Dataset excerpt >>

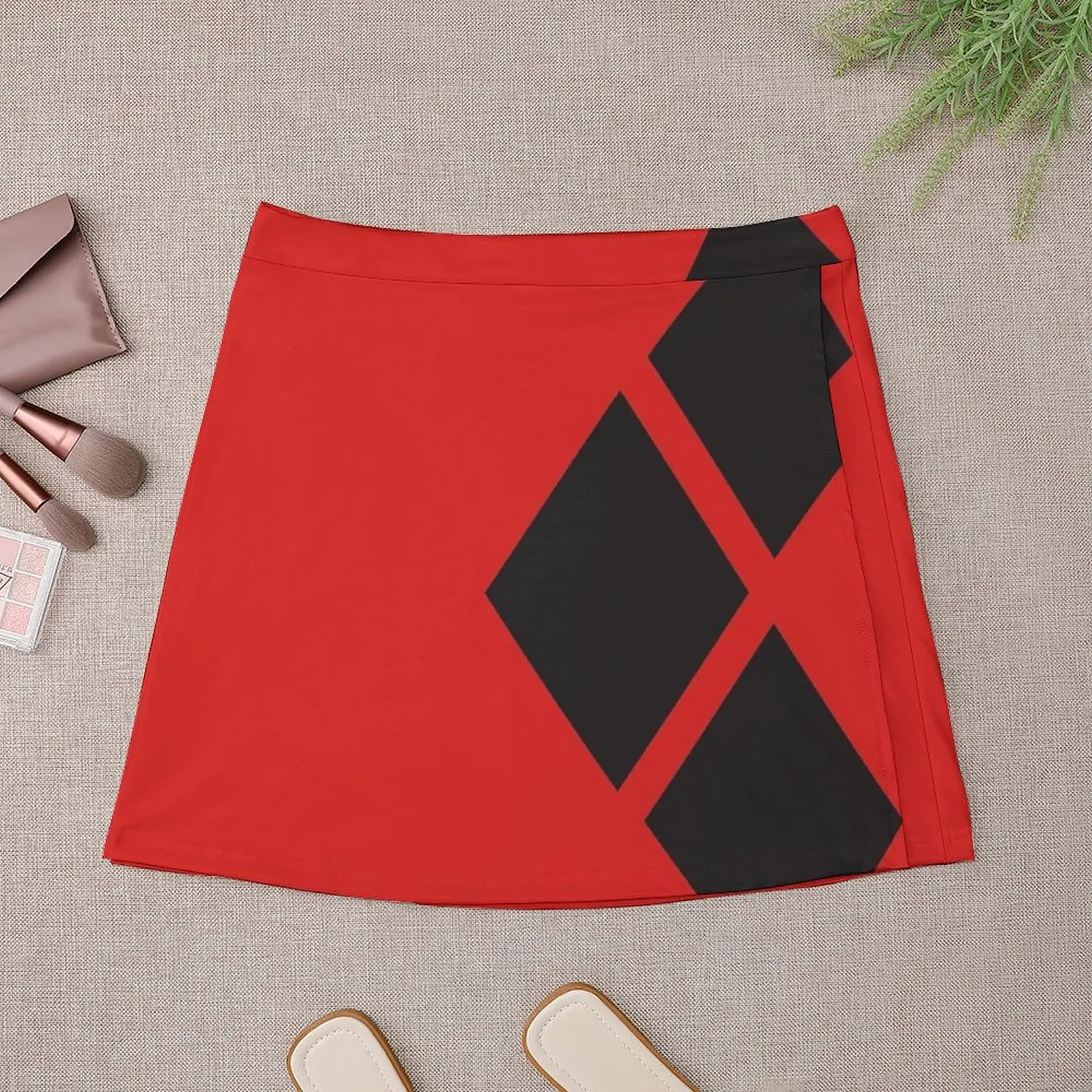 Black Tri-diamonds Mini Skirt korean luxury clothing skirts for women 2025 Mini Skirt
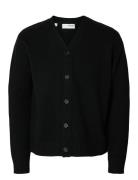 Slhcody Ls Knit Relaxed Cardigan Tops Knitwear Cardigans Black Selected Homme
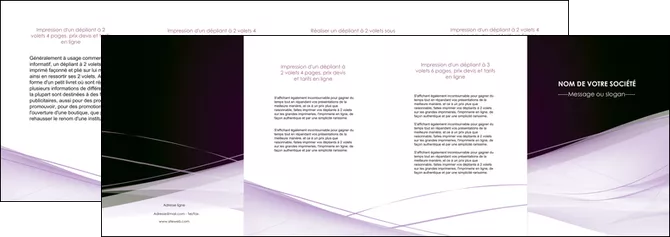 cree depliant 4 volets  8 pages  reseaux texture contexture structure MLGI93093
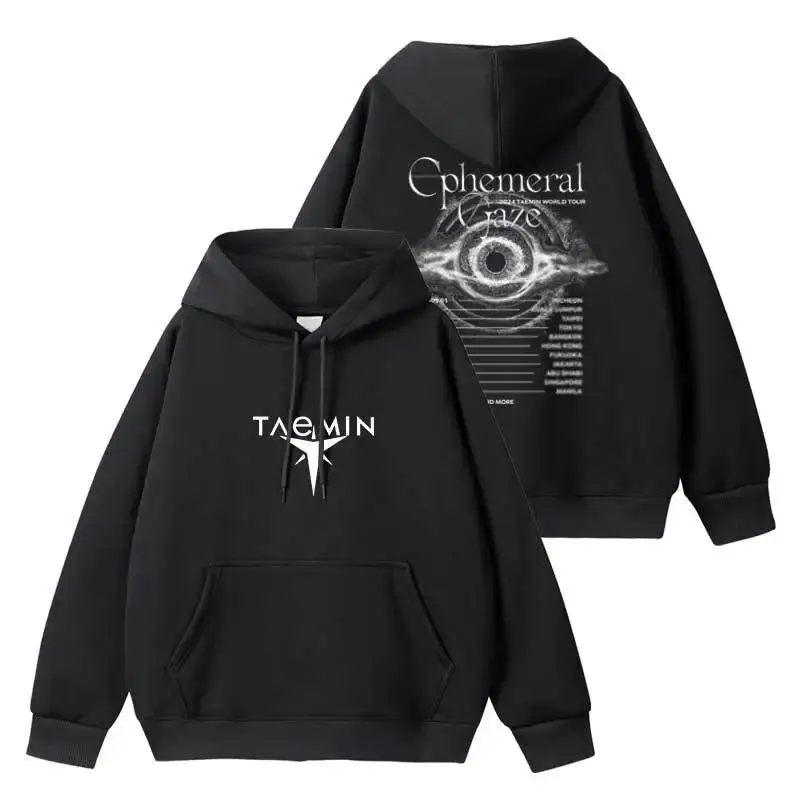 SHINee Taemin Hot Sale Of The Season Ephemeral Gaze World Tour Concert Hoodie Sweatshirt Women's Fashionable Casual Streetwear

Problem requirements >>
Repeat the data in full, exactly as it stands, but drop every picture.

Written solution >>
 Black Tri-diamonds Mini Skirt korean luxury clothing skirts for women 2025 Mini Skirt
 Slhcody Ls Knit Relaxed Cardigan Tops Knitwear Cardigans Black Selected Homme
 cree depliant 4 volets  8 pages  reseaux texture contexture structure MLGI93093
 SHINee Taemin Hot Sale Of The Season Ephemeral Gaze World Tour Concert Hoodie Sweatshirt Women's Fashionable Casual Streetwear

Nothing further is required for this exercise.